La vittoria della nostra squadra conclude la permanenza al campo riaprendo le porte del quotidiano: l’ambiente universitario ha sostituito quello scolastico così posso prendermela comoda non dovendo più alzarmi all’alba tutti i giorni.
Da qualche tempo ho preso possesso di un alloggio presso l’università: l’ambiente è austero e non mi piace.
Continuo a svolgere gesti meccanici quali alzarmi la mattina, studiare, qualche uscita, ma lui rimane lì imperterrito ed immobile.
Il martedì che segue la Pasqua decido di comporre il numero: quel maledetto numero che da mesi mi impongo di non comporre infliggendomelo come una tortura.
Lui risponde:finalmente odo la sua voce; quella stessa voce che mi ha respinto così tante volte, ora è dall’altro capo di un telefono.
Ho quasi voglia di riattaccare e invece butto giù come fosse latte:“Ciao! Volevo augurarti buona Pasqua e sapere come stavi”.

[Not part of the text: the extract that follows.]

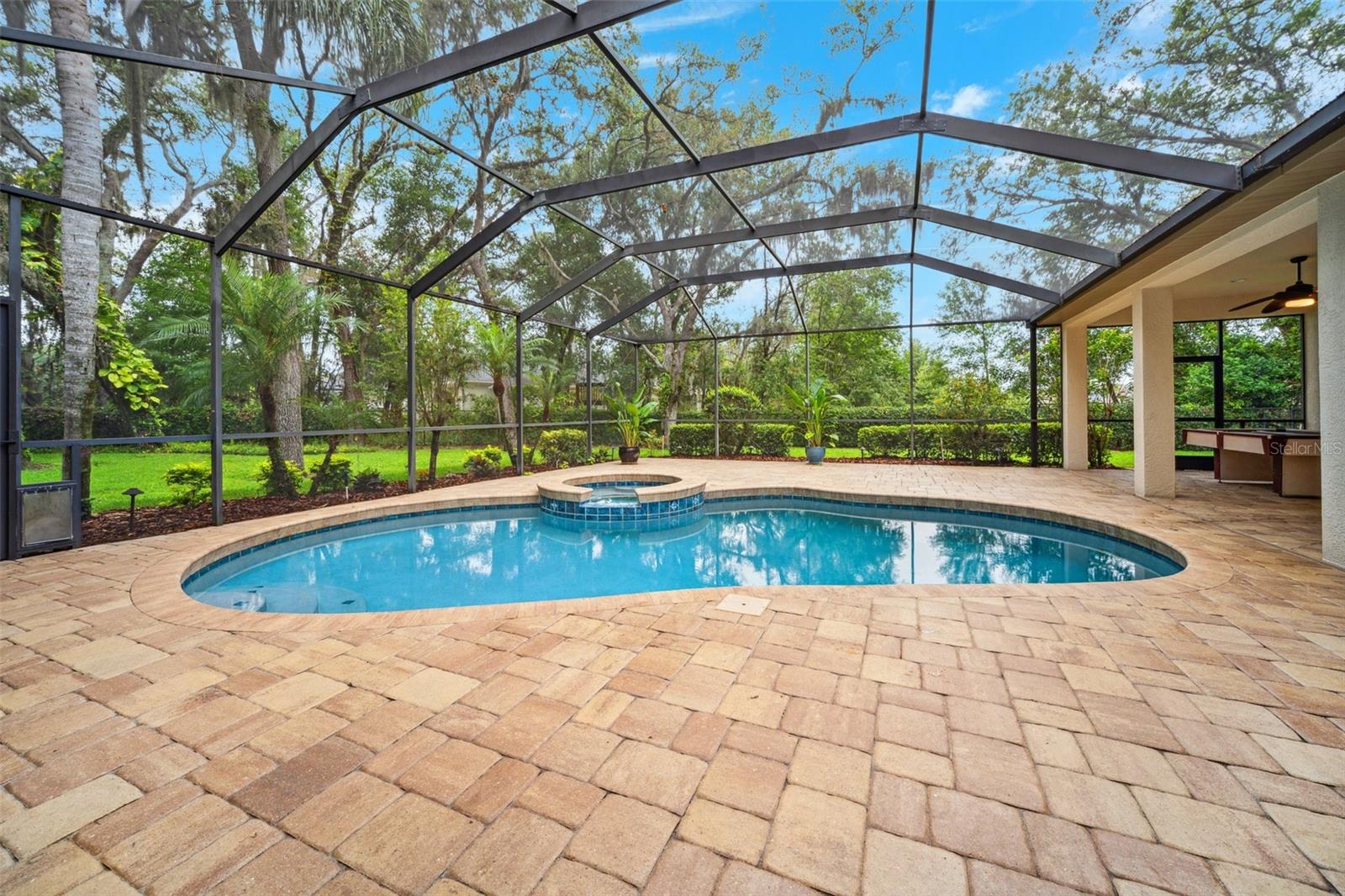 17802 Mission Oak Dr Property Photo 4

“Pasqua è già passata” ribatte lui un poco imbarazzato mentre io ridendo tra le lagrime che ora non voglio più nascondere dico “Lo so Lo so!”
E riprendo a respirare.
Venticinque anni dopo
Cammino per le strade da sola
Accompagnata dal mio bastone bianco: devo stare attenta a non incappare nella gente frettolosa, negli escrementi canini non raccolti quando gruppi di persone si accalcano dall’altra parte della strada: chiedo spiegazioni e mi dicono che a qualche metro di distanza c’è il mercato di Santa Lucia.

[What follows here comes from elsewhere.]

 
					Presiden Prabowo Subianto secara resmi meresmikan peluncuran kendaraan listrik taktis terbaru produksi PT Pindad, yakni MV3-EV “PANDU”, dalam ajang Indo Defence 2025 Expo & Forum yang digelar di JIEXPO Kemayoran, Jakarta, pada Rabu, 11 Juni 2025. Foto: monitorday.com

Mi avvicino, mi informo sui prodotti.
“Che cazzo di bisogno c’è di mettere il mercato di Santa Lucia un mese prima di Natale?” mi chiedo mentre mi viene offerto un biscotto al cioccolato. Arrivo davanti all’angioletto: la mia mente Torna al Natale di tanti anni prima.
Immediatamente la fretta che mi ha invaso sino a qualche minuto or sono scompare lasciando il posto ad una dolce sensazione di malinconia: osservo la gente in perenne lotta contro il tempo e decido di trascorrere la giornata o meglio un’ora ammirando il mercato e quanto di magnifico caratterizza la mia città.
Cerco la magia di Natale della mia infanzia: lo cerco tra le voci dei bambini, tra i volti scocciati degli adolescenti, tra le mamme affaccendate e l’indolenza dei padri attaccati al telefonino tra gli argomenti dei consumatori.
Noia, nervosismo, impazienza: questi sono gli elementi che caratterizzano il Natale.
Torno a casa e accendo il televisore: essa mi ricorda che oggi è la giornata contro la violenza (cosa che per una frazione di secondo ho tentato di dimenticare).
Violenza fisica!
Violenza economica!
Violenza psicologica!
Una grande tristezza si impossessa di me pensando ai bambini vittime di un’erba maligna che durante le festività cresce a dismisura:mi domando per quale motivo essi non meritano il loro Natale.
Così mi mordo le mani pensando a tutti quei Natali in cui ho permesso ad un ragazzo di impedirmi di festeggiare: poi mi domando cosa sarebbe accaduto 25 anni prima se fosse esistito il reato di stalking e mi godo questo momento di perfetto relax.